NYALANYALI.COM, Kisah – Empat puluh lima menit waktu tempuh yang dibutuhkan untuk sampai ke Pelabuhan Onan Batu-Pulau Semau dengan tarif Rp20 ribu per orang dan motor Rp 50 ribu sekali jalan.
Sesampainya di Pelabuhan Onan Batu, nakhoda dan awak kapal mulai menurunkan sepeda motor dan barang-barang para penumpang, tidak ada jembatan, tangga kayu atau papan khusus di kedua pelabuhan, sehingga mereka harus berhati-hati kalau tidak mau barang-barangnya nyemplung ke laut.
Keluar dari pelabuhan, lanjut dengan ojek, dengan biaya yang cukup wow yaitu Rp 100 ribu.
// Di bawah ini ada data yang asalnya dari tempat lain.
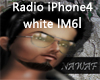 Radio iPhone4 white -nwf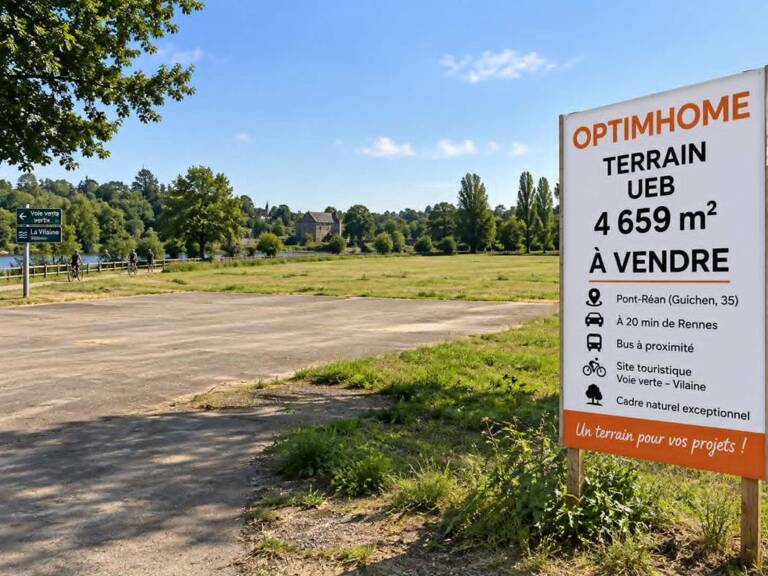 Terrain à vendre – Pont-Réan / Guichen – 4 659 m² – Zone UEB — photo 1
Kami disambut jalan tanah kemudian jalan beraspal mulus dengan rumah penduduk di kanan-kirinya.
Perjalan ini cukup melelahkan dengan jarak tempuh 30 kilometer melewati jalan berbatu, bekas aspal dan berlumpur membuat saya merasa lelah ditambah membawa peralatan perang (kompor,wajan,panci,beras,bumbu masak,kasur,batal dan koper). Satu setengah jam pun berlalu dan rasa lega pun datang, sampai juga di daerah tempat tugas. Pulau kecil yang kering, yang memanggil saya karena ilmu dan berpisah karena cita-cita saya.
Pulau yang jauh hari sudah saya kenal lewat Internet ini terkenal dengan sebutan pulau mistis, aroma keangkeran sedikit terasa kala saya pertama kali menginjakkan kaki di pulau ini. Namun kesan angker sedikit demi sedikit menghilang oleh keramahan penduduk pulau ini. Sambutan penuh persaudaraan saya dapatkan ketika menuju tempat tugas saya di SMA Negeri 1 Semau Selatan. Baik dewan guru, staf, maupun para siswa menyambut saya dengan antusias. Demikian juga penduduk sekitar yang dengan tangan terbuka menerima keberadaan saya dan teman sesama GGD saya.
Tak perlu repot mencari tempat tinggal karena sebelum sampai di tempat tujuan, tempat tinggal sudah disiapkan Bapak kepala sekolah. Meskipun hanya numpang di rumah salah satu penduduk, itupun rumah yang sangat sederhana.
Hanya berupa bangunan bekas warung berukuran 4×5 meter persegi dengan lantai semen yang beratap seng dengan ketinggian yang tak seberapa, hanya berjarak 20 cm saat berdiri, sehingga saya harus ekstra waspada kalau tidak mau kepala saya kena atap. Efek atap seng yang tidak tinggi pulalah, kalau siang hari saya harus menahan panas lebih dari 40 derajat di musim kemarau.
Namun saya harus bersyukur masih mendapatkan tempat tinggal yang setidaknya cukup layak huni. Jarak dari rumah ke sekolah pun hanya kira-kira setengah kilometer, sehingga cukup berjalan kaki untuk menuju sekolah.